The Glamis lands were given by Robert II to Sir John Lyon in 1372. He married Robert II's daughter 4 years later and ever since Glamis has been intimately connected to royalty. Glamis Castle has never left the hands of the Lyon family, who earned themselves the title of Earls of Strathmore and Kinghorne in the 17th century.
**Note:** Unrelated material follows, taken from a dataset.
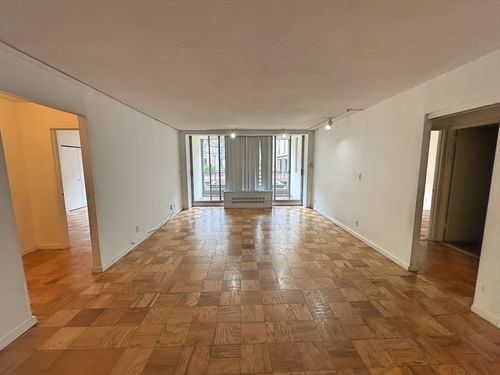 apt-222-99 Pond Ave, Brookline, MA, 02445-7116 | Card Image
The first Glamis Castle was a 14th century keep. However, over the centuries, Glamis Castle evolved and owes its present appearance to the 17th and 18th centuries when extensive restoration took place. Nevertheless, at the centre of Glamis Castle, you can still see the original tower house. Your tour will also take you to the Drawing Room with a little en suite room where gentlemen once adjourned to powder their wigs. In the Dining Room, you'll see portraits of the family as well as the Earl of Strathmore coat of arms on the fireplace mantle. The Royal Apartments consist of the Queen Mother's Sitting Room, Bedroom and the King's bedroom. These elegant rooms were arranged by the Countess Strathmore when her daughter Lady Elizabeth Bowes Lyon married Prince Albert in 1923. Here you'll see photos of the royal family as children. The King's Bedroom once sheltered the Old Pretender during the Jacobite rebellions and also served as a dressing room for King George VI. In the Billiard Room you'll see rare 17th century tapestries while the spooky Crypt is adorned with numerous game trophies.
Centuries of history at Glamis Castle have left their mark. This is not only in the finery of antiques and portraits but also in a wealth of legend and myth that surrounds the place. The Chapel is said to be haunted by Lady Glamis, Janet Douglas who was burnt as witch in 1537 for supposedly plotting to murder James V. Known as the Grey Lady, a seat in the chapel is reserved solely for her use. The grounds surrounding Glamis Castle are also reputed to be haunted by two lost souls. One mysterious White Lady whose origins are unknown and the Black Page Boy, said to have been a badly mistreated member of the Glamis household. Far more gory, is the legend of the Glamis Monster. Badly deformed, he was locked up at birth and said to be dead but on moonless nights was allowed out for exercise. Glamis Castle has not only seen monsters, spooks and spirits but the Devil himself is said to have come knocking on the door. He turned up on the stroke of midnight after a guest had drunkenly complained that he would play cards with the devil himself if everyone else in Glamis Castle was too pious to play cards on the Sabbath. A maid servant who spied on the game is said to have been blinded and subsequent noises from its walls resulted in the rooms being sealed off.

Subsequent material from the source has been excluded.